Back in Honolulu during the off-season, he worked with his dad, who coached him growing up. “I took all the tools I learned from the hitting coach and took them home,” Kiner-Falefa said. “He wanted me to get better and I needed to get better.”
When Kiner-Falefa was called up early in 2018 his biggest concern was learning to play catcher at the big league level and learning the pitching staff. Hitting took a back seat. And he felt pulled in different directions at times when trying to improve at the plate.
The Rangers decided to return him to a full-time infielder role last season.
“People forgot who I was, who I am,” he said. “He needs to do this, he needs to do that, without realizing what I was doing [at the plate]. I was catching for the first time my whole career and I was doing it at the highest level.
“People didn’t realize the toll it takes mentally and physically. I felt after last year my window shrunk as far as being the player I want to be and I’m trying to open it back up.”
After his first season in the majors, he stayed in Texas and hit in cages during the off-season. This winter, back home, he hit outside with his dad and hometown friends.
“I would work out in the morning, eat lunch and then go to the park and hit outside for three hours,” he said. “There was no fence, so I would hit them, then go walk and pick them up so we wouldn’t lose any.”
Rangers manager Chris Woodward is hoping to use Kiner-Falefa as a bench infielder when the season begins March 26. After Kiner-Falefa started 0 for 10 in his first four spring games, Woodward, along with hitting coach Luis Ortiz, told him to loosen up. That meant a lot to Kiner-Falefa. He homered that day and is 11 of 19 in his next eight games.

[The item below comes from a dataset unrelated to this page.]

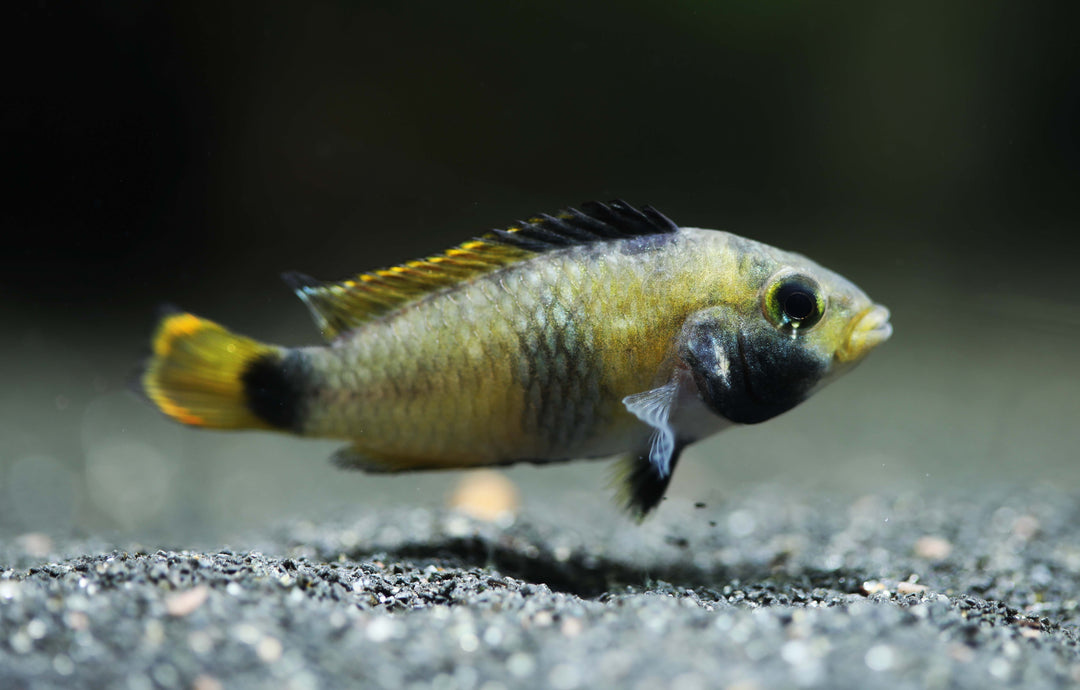 Panda Apistogramma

“It’s hard to put into words how impressed I am,” Woodward said. “Obviously, he was putting a lot of pressure on himself. You can see he is a completely different player because, in the beginning, he was a little stressed out trying to make the team with the first at-bat. He wasn’t getting the results.
“I wouldn’t say he was panicking but I just stressed to him, ‘relax, let all that work you put in show and shine.’”

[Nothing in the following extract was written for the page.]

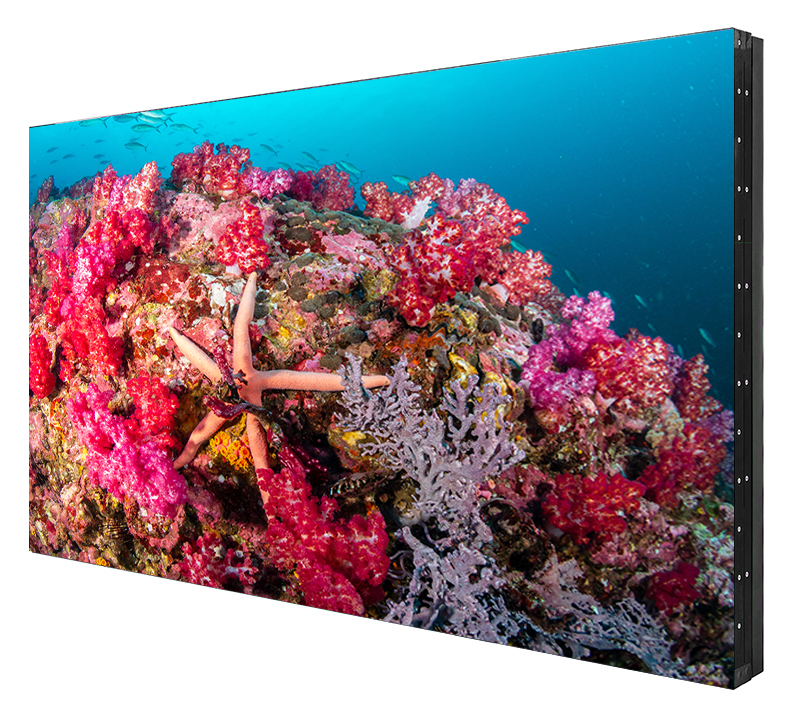 Профессиональный дисплей Eliteboard BB558FCBED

So far, that’s what Kiner-Falefa has done.
“I just felt like I have to remind people that I haven’t changed. I’m the same guy when I first got called up, there’s no difference,” said Kiner-Falefa, who turns 25 on March 23. “But at the same time I’m going to get better. I was still a baby.”

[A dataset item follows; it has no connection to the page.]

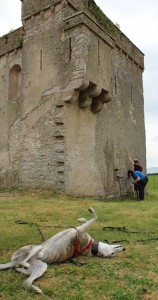 Recording bullet holes in the wall. In the meantime, the 'Bone Detector' takes a snooze.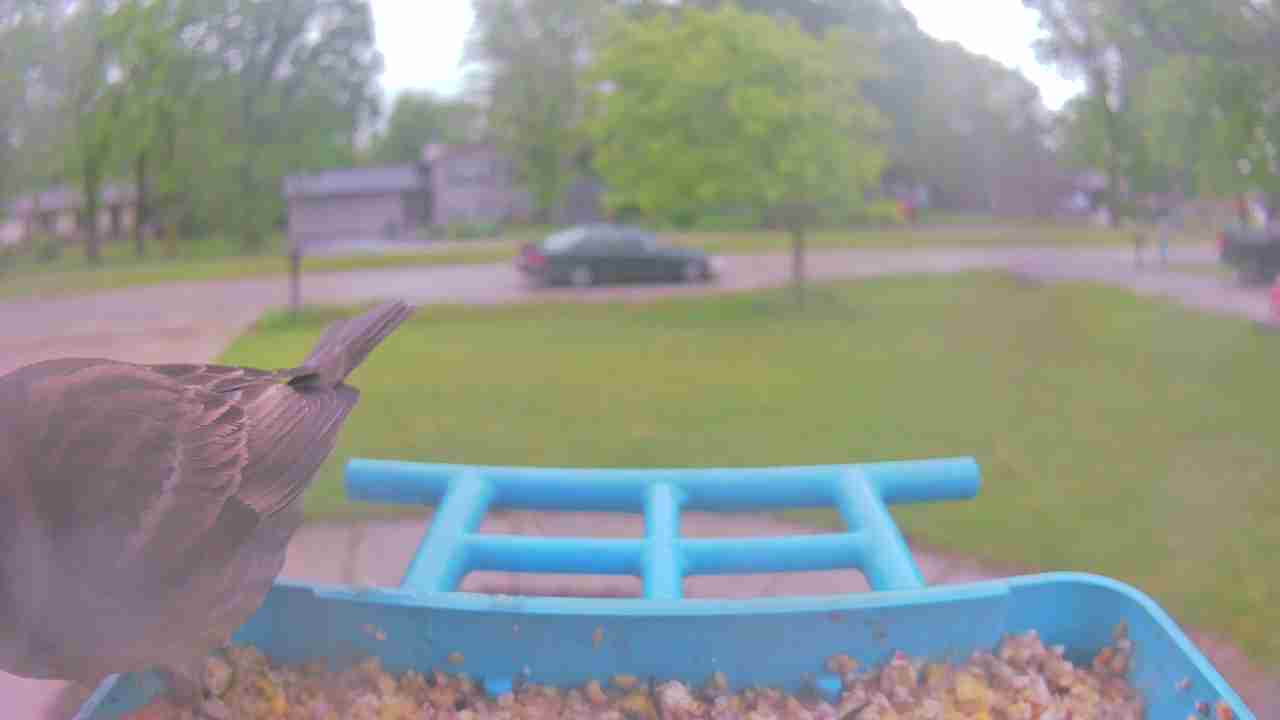 Bird at feeder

His father helped remind him of what he was taught about hitting as a kid.
“Just mentally kind of just ingrained what I learned my whole life. He was always my coach so it was good to have him coach me up again and just remind me where I come from and who I am,” he said.
“I feel like being from Hawaii, it’s a little different. You’re on a rock, you’re away from everything else so sometimes you get misguided and in the wrong direction, so it’s good to get put in the right place. It’s a different speed you don’t ever see. It’s so laid-back that sometimes you come here and it just speeds up so it’s good to put things in perspective.”
Woodward views Kiner-Falefa as an elite defender, “especially at third base.”
“He can play shortstop at a really high level. He can play first base if we needed him too,” Woodward said. “I guarantee you if you put him in center he would look OK. That versatility is huge.
“The bat quality is as good as we have right now. He’s got the total package going. You are getting a pretty good version of the kid now. The talent is coming out but also the grit and the character of who he is, it’s showing now.”